By Global Law Experts
– posted 2 hours ago

When an ATO statutory demand lands on a company’s registered office, directors have exactly 21 days to respond before the Commissioner can apply to the court for a winding-up order, and the clock starts running immediately. Winding up a company at the ATO’s initiative is now one of the most common creditor-driven insolvency pathways in Australia, with the Commissioner ranking as the single largest petitioning creditor by volume in Federal Court wind-up applications. The reinstatement of the loss carry-back tax offset from 1 July 2026 adds a new dimension to the restructure-versus-liquidation calculus, potentially allowing companies with prior-year profits to recover tax paid and redirect those funds toward settling ATO debts.

This article provides a step-by-step director’s playbook covering statutory demands, Director Penalty Notices (DPNs), the immediate actions required to avoid liquidation, and the restructuring alternatives now available.

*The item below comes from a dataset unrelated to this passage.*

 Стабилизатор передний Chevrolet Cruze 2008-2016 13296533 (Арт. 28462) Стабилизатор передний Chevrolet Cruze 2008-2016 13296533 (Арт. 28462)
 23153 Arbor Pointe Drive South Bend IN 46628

How the ATO Can Wind Up a Company

The Australian Taxation Office is a creditor like any other for the purposes of Part 5.4 of the Corporations Act 2001 (Cth). When a company falls behind on PAYG withholding, GST, income tax or superannuation guarantee charge (SGC) obligations, the ATO follows a staged recovery pathway that can ultimately end in court-ordered liquidation. The ATO’s own internal policy, set out in its Receivables Policy (RP0021), confirms that winding up a company is treated as a last-resort collection tool, deployed after negotiation, payment plans and enforcement action have been exhausted or refused.

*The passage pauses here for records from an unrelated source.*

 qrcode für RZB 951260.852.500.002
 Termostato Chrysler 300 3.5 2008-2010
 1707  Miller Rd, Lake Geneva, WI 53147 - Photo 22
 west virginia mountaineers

The standard ATO enforcement sequence proceeds as follows:

  • Stage 1, Demand and negotiation. The ATO issues running balance account statements and formal demands for payment. Directors are invited to propose payment plans or dispute the assessment.
  • Stage 2, Creditor’s statutory demand. If the debt exceeds the statutory minimum and remains unpaid, the ATO serves a creditor’s statutory demand under s 459E of the Corporations Act. The company then has 21 days to pay, secure the debt, or apply to court to set the demand aside.
  • Stage 3, Winding-up application. Where the company fails to comply with the statutory demand within 21 days, a presumption of insolvency arises under s 459C(2)(a). The ATO files an application in the Federal Court (or relevant state Supreme Court) seeking a winding-up order under s 459P.

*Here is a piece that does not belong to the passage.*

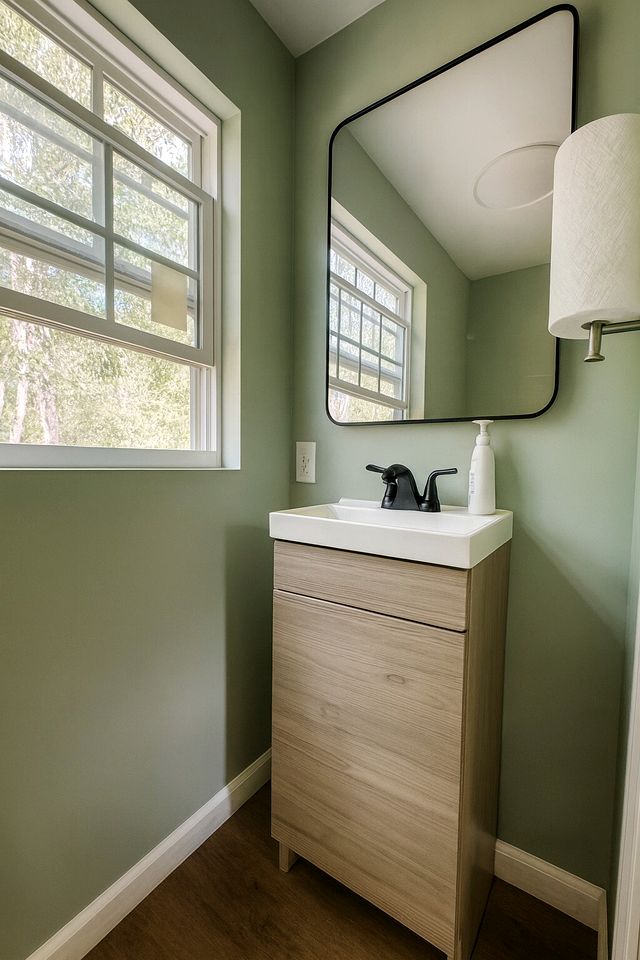 Starlit Glamping Bell Tent Sanctuary Near Sinking Creek, Missouri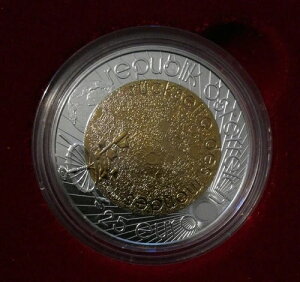 25���[�� �I�[�X�g���A ��j�I�u�R�C�� �V���N 2009-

Key Legal Tests: Sections 459E–G of the Corporations Act

Can the ATO wind up a company? Yes, provided the procedural requirements of Part 5. 4 are satisfied. Section 459E sets out the formal requirements for a valid statutory demand: it must be in the prescribed form, specify the debt (which must be at least the statutory minimum), and be accompanied by an affidavit verifying the debt. If the demand is defective, the company may apply under s 459G to have it set aside, but that application must be filed and served within the same 21-day window.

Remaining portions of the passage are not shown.